ITV 1982 World Cup Theme

The 1982 world cup was held in Spain, so ITV decided to call their theme Matador. You can see what they’ve done there. England and Argentina went out in the quarter finals, presumably both knackered by the Falklands War which had ended the previous month. Italy beat Germany 3:1 in the final game.

But 1982 was a truly progressive year overall. School caning was made illegal. The Pope visited the UK. Channel 4 was launched. Toto released Africa. And even weirder, Matador was released as a 7” single and reached no.57 in the chart. Back of the net.


Golden Rendezvous

A 1977 thriller starring Richard Harris and adapted from an Alistair MacLean novel, Golden Rendezvous is one of Wayne’s most high-profile soundtracks. From the outset, the theme instantly denotes a glamorous high-stakes thriller.
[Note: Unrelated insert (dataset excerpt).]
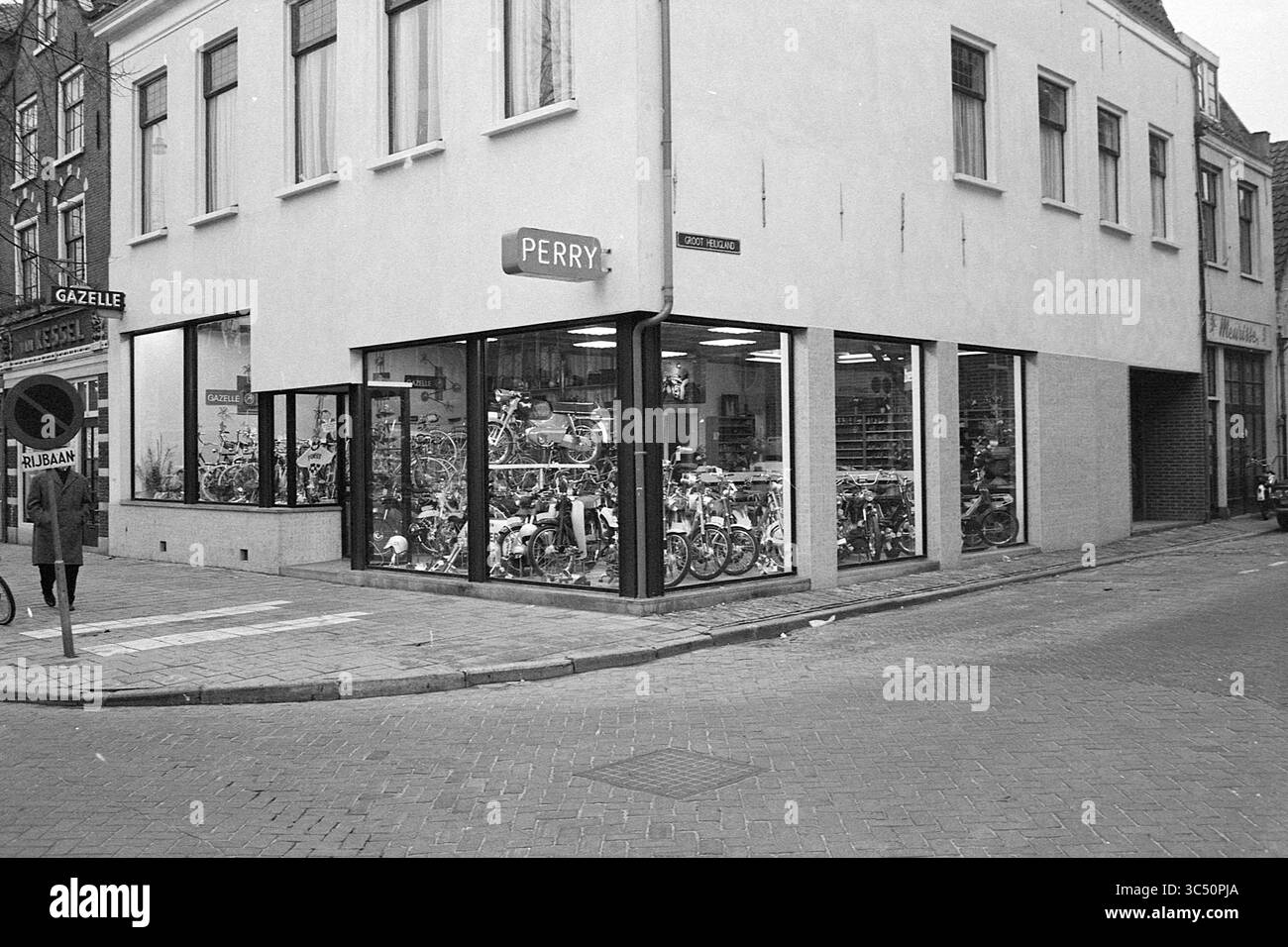 Fa. Perry, esterno, 12-02-1970 Whizgle News, Dutch Desk, Paesi Bassi, 1950-2000 Un vivace negozio d'angolo con grandi finestre espone una varietà di biciclette, per soddisfare i clienti sulla strada trafficata. La segnaletica dell'edificio mostra in modo prominente "PERRY", mentre i passanti navigano sul marciapiede nelle vicinanze. Foto Stock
Connoisseurs will no doubt note a touch of influence from the legendary Randall and Hopkirk (Deceased) theme. The film itself, meanwhile, was “a puddle of a mid-ocean thriller that would make a 12-year-old cringe in embarrassment,” according to Variety.


McVicar

By the end of the 70s Roger Daltrey’s film career was up and running, and he looked set to become a cinematic god, a bona fide hero of the silver screen – like Dennis Waterman or something.

It didn’t quite work out; but the soundtrack of this true-crime biopic still astonishes. Our own hero Wayne takes responsibility for the two climactic tracks, Escape parts 1 and 2. This is thrilling and exciting stuff; some of Jeff’s best synth-led theme work of the time. And if you don’t agree, McVicar’ll come round and do you, you slag.